Post by pair » Sun Feb 25, 2018 6:23 am

I posted here
Post by pair » Fri Feb 23, 2018 12:31 pm but did not get a response from you thats why I'm asking the other user how did he get it resolved...

Newbie

Posts

Joined
Tue Nov 27, 2012 11:21 am

Post by straightlight » Sun Feb 25, 2018 6:25 am

My apologize. This was not intended. I seem to have missed your post. :ponder:

What are the steps you did on your end to install this extension?
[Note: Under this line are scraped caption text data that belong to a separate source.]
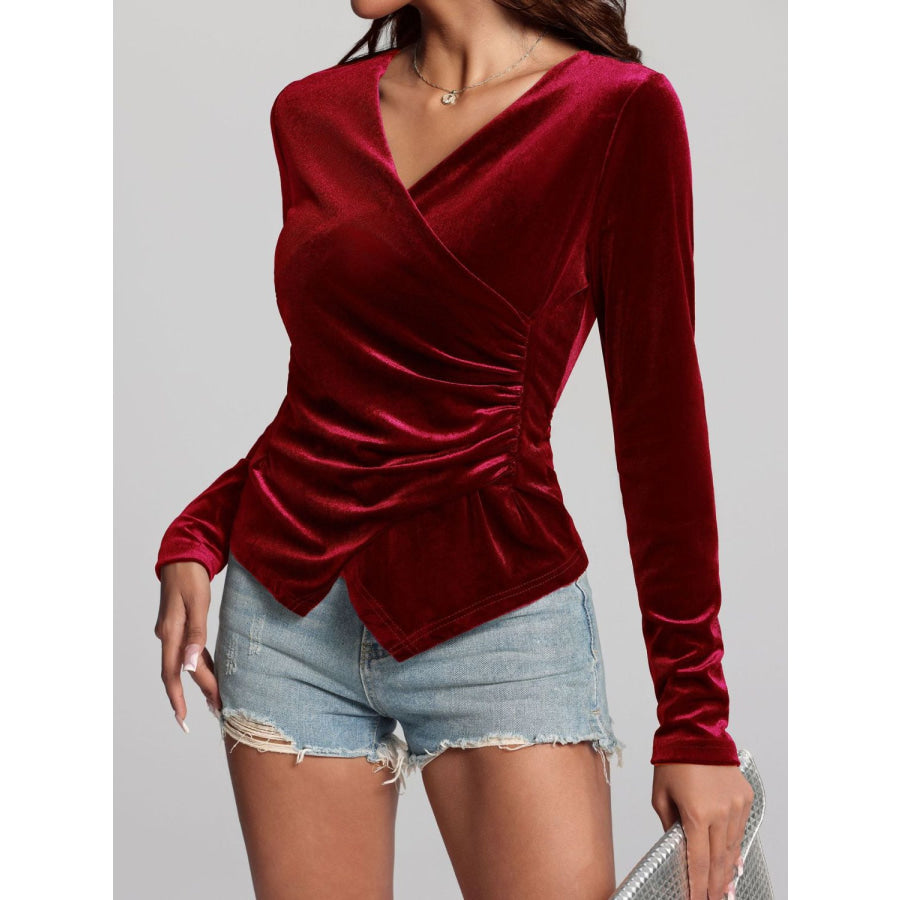 Ruched Surplice Long Sleeve Top Apparel and Accessories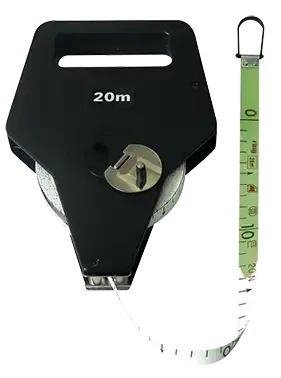 Double décamètre fibre de verre largeur 16mm, boîtier abs, manivelle métal - AGI Robur - 331049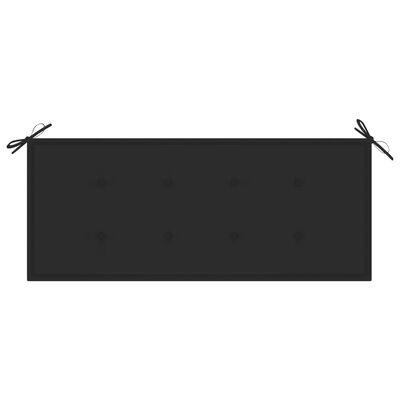 vidaXL Zahradní lavice s černou poduškou 120 cm masivní teak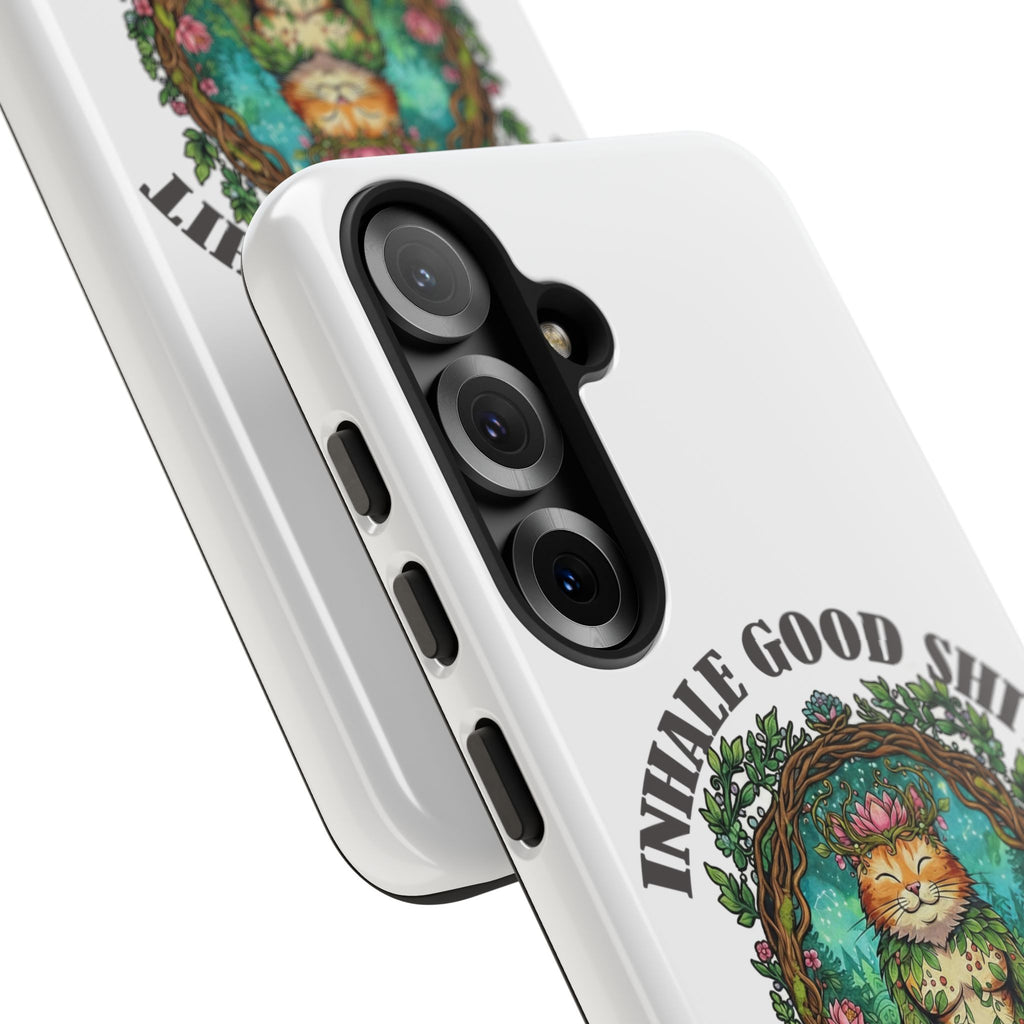 Phone Case - "Inhale Good Shit, Exhale Bullshit" Zen Cat Protective Case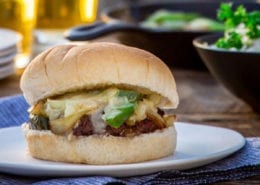 Philly Cheesesteak Smothered Burgers
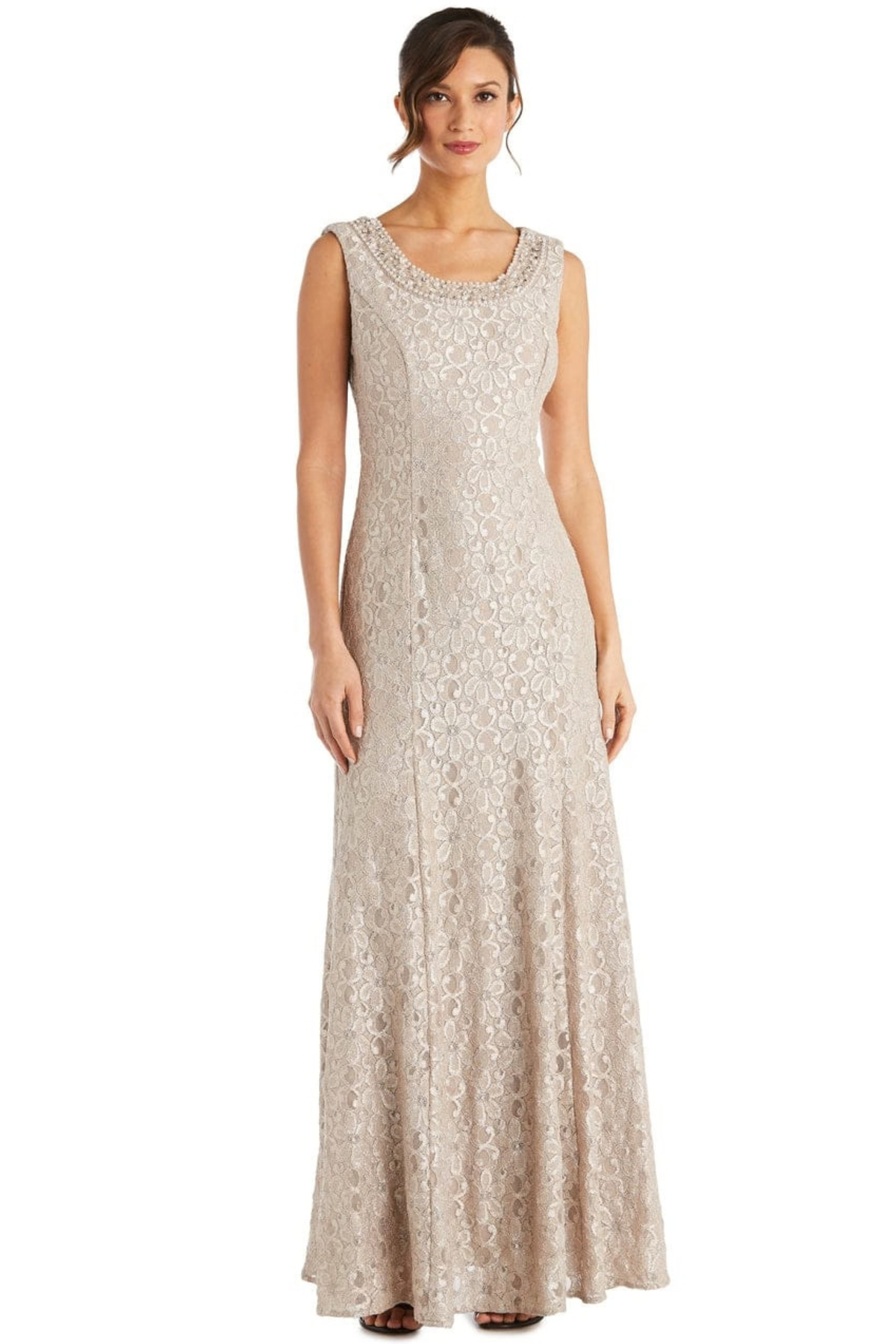 R&M Richards Sequined Lace 2-Piece Sheer Jacket Gown Set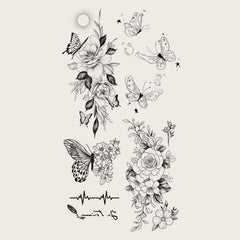 Line Drawing Flower Butterfly Temporary Tattoo Stickers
Dedication and passion goes to those who are able to push and merge a project.

Regards,
Straightlight
Programmer / Opencart Tester


Legendary Member

Posts

Joined
Mon Nov 14, 2011 11:38 pm
Location - Canada, ON

Post by pair » Sun Feb 25, 2018 6:41 am

Thanks for your reply straightlight. My apology just trying to get this working. Below is what I did
I uploaded via FTP to the following paths:
/system/helper - File csrf_helper.php
and then on
/vqmod/xml - File csrf.xml
Refreshed the cache and checked the page source. The admin works but not the front end .
No errors in the VQManager error log and no header.php in the catalog only vq2-admin_controller_common_header.php
Let me know if any other details are needed.
Regards,

Newbie

Posts

Joined
Tue Nov 27, 2012 11:21 am

Post by straightlight » Sun Feb 25, 2018 6:59 am

The alternate solution was already provided here: viewtopic.php?f=23&t=51859&start=60#p715300

Dedication and passion goes to those who are able to push and merge a project.

Regards,
Straightlight
Programmer / Opencart Tester


Legendary Member

Posts

Joined
Mon Nov 14, 2011 11:38 pm
Location - Canada, ON

Post by pair » Sun Feb 25, 2018 7:03 am

This is what I have in the XML. I'm I missing something?

Code: Select all

<?xml version="1.0" encoding="UTF-8"?>
<modification>
    <id>CSRF Form Protection</id>
    <version>v2.x and v3.x</version>
    <vqmver required="true">2.6.0</vqmver>
    <author>Straightlight</author>
	
	<file name="admin/controller/common/header.php" error="skip">
        <operation error="skip">
            <search position="before"><![CDATA[$data['scripts']]]></search>
            <add><![CDATA[
			$this->load->helper('csrf_helper');
			
			csrf_start();
			]]></add>
        </operation>
	</file>
	
	<file name="catalog/controller/common/header.php" error="skip">
        <operation error="skip">
            <search position="before"><![CDATA[$data['scripts']]]></search>
            <add><![CDATA[
			$this->load->helper('csrf_helper');
			
			csrf_start();
			]]></add>
        </operation>
	</file>

</modification>

Newbie

Posts

Joined
Tue Nov 27, 2012 11:21 am

Post by straightlight » Sun Feb 25, 2018 7:09 am

This is what I have in the XML. I'm I missing something?
The XML looks fine. Ensure to look in your VQMod Manager for unusual lines that it's tracking.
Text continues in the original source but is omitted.